Feds could restrict Pacific Ocean fishing over endangered orcas, NOAA letter says
SEATTLE—The National Oceanic and Atmospheric Administration (NOAA) is taking a fresh look at whether new fishing restrictions are needed to help prevent the extinction of endangered southern resident killer whales that frequent Puget Sound.
New evidence of the fish the whales depend on and the risk posed to orcas by depleted prey has caused the agency to write a letter of guidance to the Pacific Fishery Management Council, indicating the agency is examining whether new restrictions are needed—particularly on fisheries in the lower Columbia and Sacramento rivers and on fall-run chinook salmon in the Klamath River.
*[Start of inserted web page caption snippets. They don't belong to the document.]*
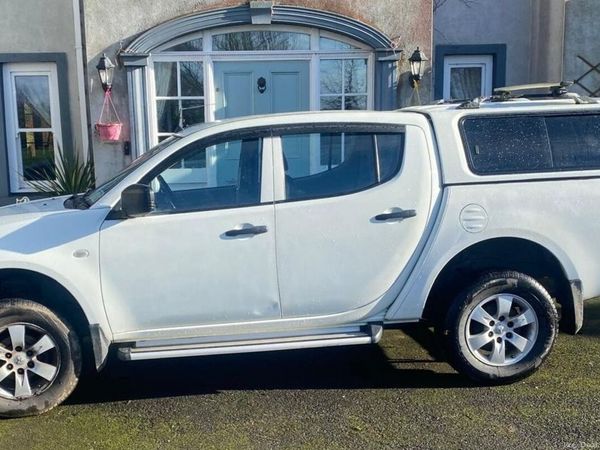 Mitsubishi L200 Crew Cab, Diesel, 2014, White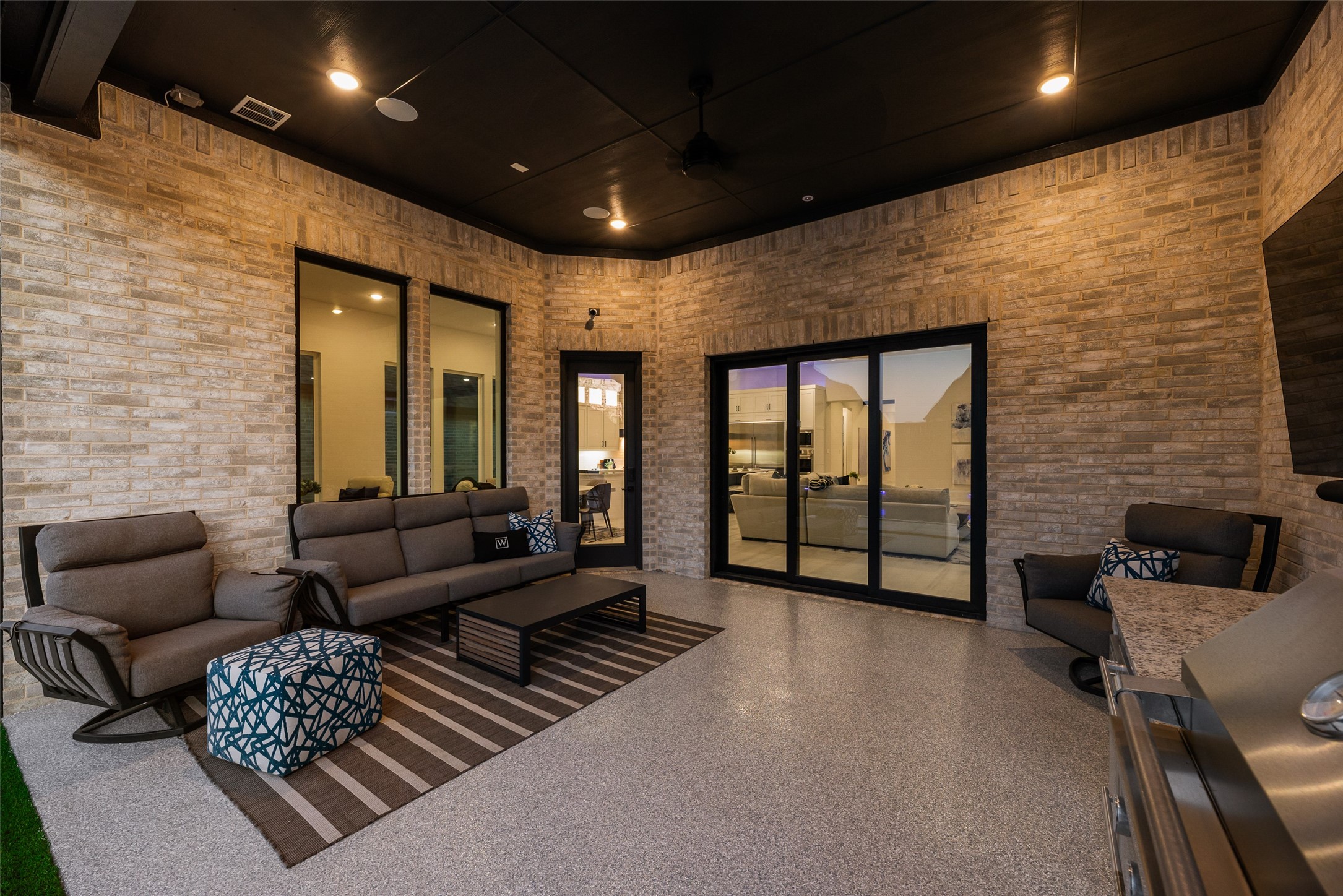 2414 Hawksbury Court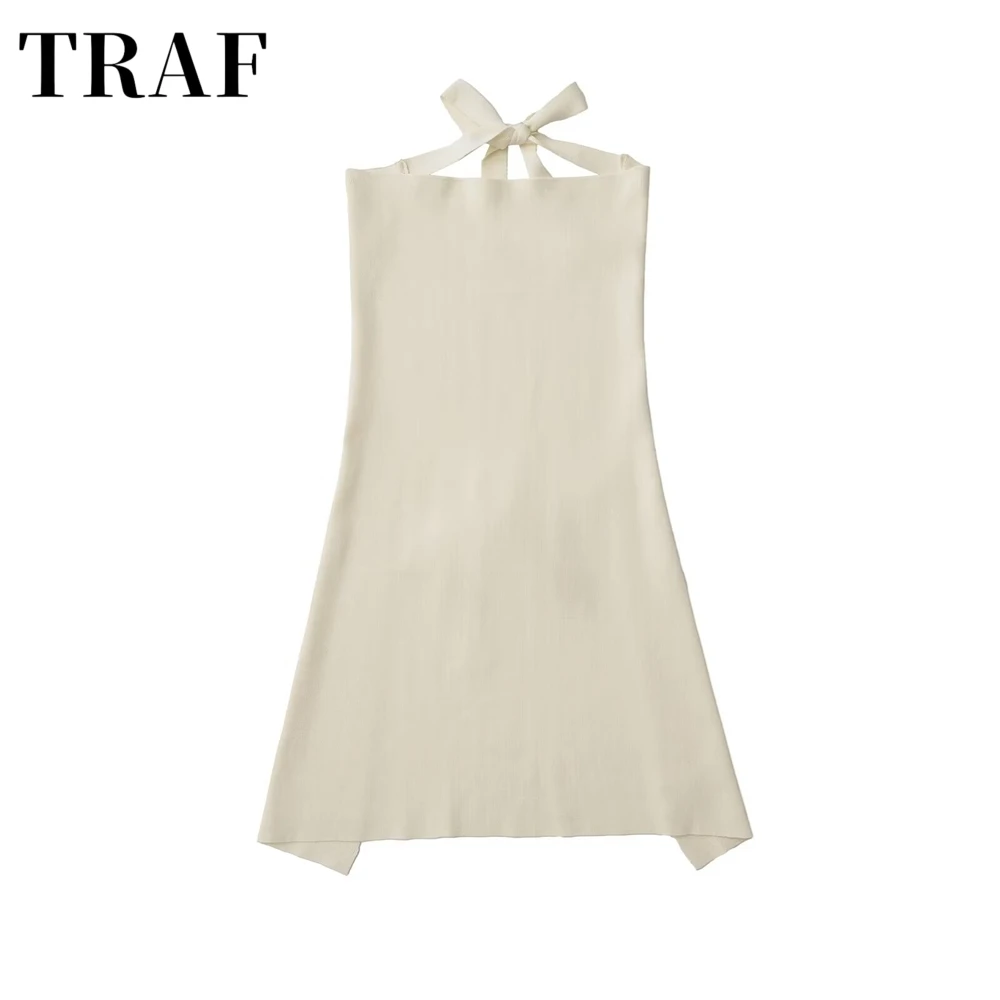 TRAF2024 new design sense fashionable and sexy backless hanging neck knitted sleeveless loose vest top
TRAF2024 new design sense fashionable and sexy backless hanging neck knitted sleeveless loose vest top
The council is one of eight regional entities across the nation that sets fishing seasons off the coasts of Washington, Oregon and California on a wide variety of species, including salmon.
The agency in 2009 concluded fisheries did not jeopardize the survival and recovery of killer whales.
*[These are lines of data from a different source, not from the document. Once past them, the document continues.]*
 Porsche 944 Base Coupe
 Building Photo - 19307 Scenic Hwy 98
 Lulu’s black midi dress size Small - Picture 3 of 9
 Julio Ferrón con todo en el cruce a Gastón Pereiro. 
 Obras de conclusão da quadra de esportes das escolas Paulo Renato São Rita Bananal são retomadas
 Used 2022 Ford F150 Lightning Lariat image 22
But since 2009, "a substantial amount of new information is available on SRKW and their prey," NOAA Regional Administrator Barry Thom wrote to Phil Anderson, chairman of the council, on Wednesday.
Therefore, the agency is going to initiate a new look at fisheries regulated by the council this year.
That process is intended to result in fishing that lessens the impact on prey targeted by the whales. Possibilities include restrictions in time and places when fishermen and whales most intersect, or season closures.